The threat to regional media has been well documented.
A lack of investment has seen a reduction in journalist headcount, while digital-first strategies have failed to draw in the revenues that were meant to reinvigorate falling profits.
The fight for web visitors has seen an increase in click bait and an eye off the prize – the quality journalism that gave readers a reason to buy the physical paper.
Trust in regional media to stand up for their communities is at an all-time low.
Just last year the Press Gazette ran an article about claims by a former Kensington News and Chelsea News reporter that Grenfell Tower fire-safety concerns would have been picked up by local media in the pre-internet era.
Grant Feller asserted that journalists would have been out in the local community listening to residents’ issues and challenging local councillors in terms of their decision-making, resulting in a much smaller chance of cost-savings trumping safety and therefore such a tragedy happening.
Constant change with no end in sight
For journalists themselves, the newsroom for years now has been a challenging workplace with fewer people to do more reporting; ongoing restructures; the need to reskill to produce multi-media content and constant reiterations of the news sites and papers.

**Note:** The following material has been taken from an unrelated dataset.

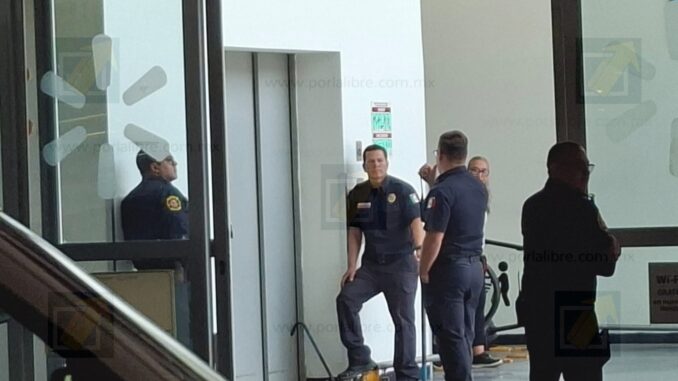  Tres menores y dos adultos quedan atrapados en un elevador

In February, the government announced a review into the future of the newspaper industry including its funding models citing concerns over “falling circulations, a hollowing-out of local newsrooms, and fears for the future sustainability of high quality journalism.”
An encroaching threat
As newspaper quality continues to plummet, there comes a greater threat, this time from the world of public relations.

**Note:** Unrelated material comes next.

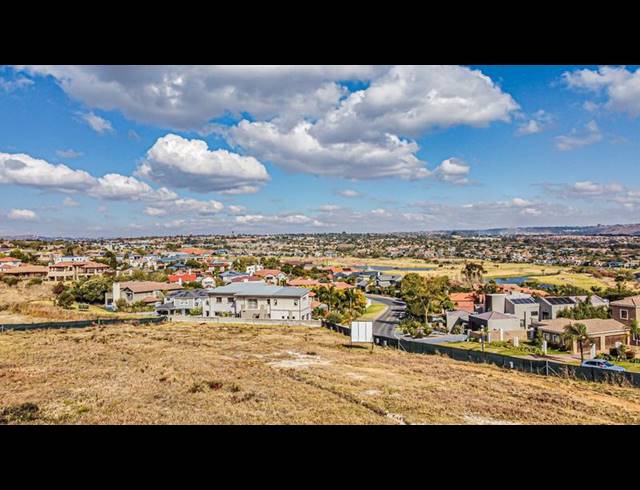 LAND FOR SALE IN EAGLE CANYON GOLF ESTATE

The widespread adoption of the Paid, Earned, Shared and Owned (PESO) model by practitioners has further blurred the lines between disciplines as PR moves with increasing speed into the Paid media space.
Crucially it provides a laser focus on where campaign investment should be made.
Owned media budgets have risen exponentially as public relations professionals maximise organisational assets, while budget allocations for Shared media have also grown as brands experience the benefits of influencer relations.
Conversely, building an argument for Earned regional media relations has become increasingly hard to do.
A tense but necessary relationship
Flat Earth News by Nick Davies in 2008 documented the tense but necessary relationship between journalists and public relations professionals but for media, there seems widespread ignorance about the threat posed by PESO.
PR practitioners, planning with ever greater precision and insight, have recognised the declining influence and quality of regional news and are choosing instead to invest in building direct relationships with target audiences for their employers and brands, circumnavigating the need for the third-party credibility once provided by this media.
It is only a matter of time until this reaches a critical mass.
Forced to rely on business and news stories from public relations practitioners due to resource-constraints, a sudden and ongoing drought of information would place additional pressures on news rooms at a time when they need it least.
The question is whether investment into regional media will come soon enough to reverse the trend or whether public relations and the media are prepared to recognise the issue and work together to find a solution before it’s too late.